I have spent my entire life not really liking myself. I have spent my entire life looking at myself the way I thought other people looked at me. I had been believing a lie that I was not pretty enough or skinny enough. I didn’t have the right body. I just didn’t like myself, at all.
Yes, eliminating wheat and cutting my sugar down to almost nothing has certainly helped the way I look and feel, but that’s not all of it. It’s Him.
I don’t know what happened or even when it happened. There wasn’t a monumental moment where everything just sort of ‘clicked’. I’m not even sure there was a transition period. It was almost, as if, I woke up one day and I just really liked myself, but it was so nonchalant that I didn’t even really pay attention.
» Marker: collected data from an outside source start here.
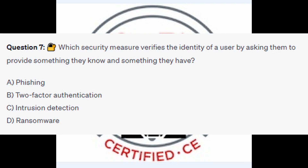For question number 7, which security measure verifies the identity of a user by asking them to provide something they know and something they have? Is it A Phishing? Is it B Two-Factor Authentication? Is it C Intrusion Detection? Or is it D Ransomware?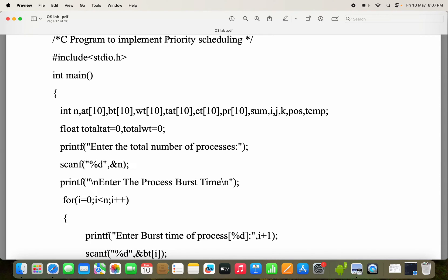Let's see a C program to implement priority scheduling. Here, N represents number of processes. AT of 10 means arrival time for maximum of 10 processes. BT means burst time, WT means waiting time, TAT means turnaround time, CT means completion time, and PR means priority.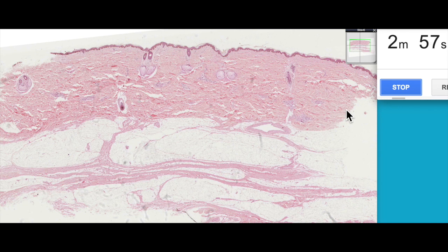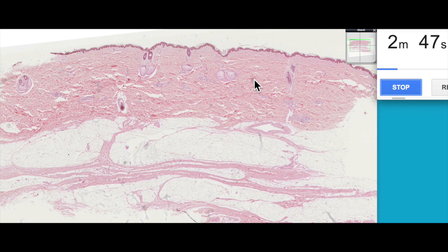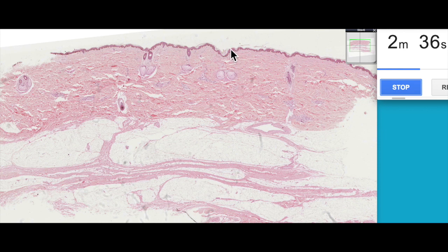The integumentary system we often just think of as skin, but of course it's other structures as well. The integumentary system, certainly in this section, can be divided into three main layers. The first of the layers is the epidermis, which is the outermost layer of epithelial tissue. It's made up of a stratified squamous keratinised epithelium, and that's this layer here.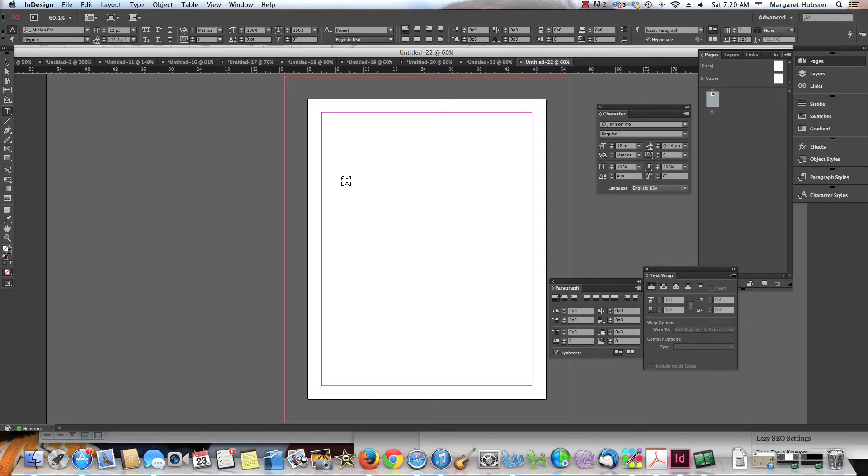This is a very quick video. I just want to show you where to locate your special characters in InDesign. Super easy.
I have spent most of my life comparing myself to everyone else. And the results were always the same, I was different. And somewhere along the lines ‘different’ was a bad thing.
I began bra shopping in second grade. I hated it. I couldn’t understand why I had to get a bra when none of my friends did, but my body didn’t look like theirs.
I was never ‘fat’ growing up, but I was tall, and I had boobs, so I didn’t look like my friends. I couldn’t share clothes, heck, or even shoes, for that matter. I was so different.
Going to prom my shoe selection was limited to flats because I would be so much taller than my date. I hated it. Was it too much to ask to wear heels like everyone else?
But looking back at all of this, all of these moments, I realize now that I was believing a lie. Nothing, but a lie.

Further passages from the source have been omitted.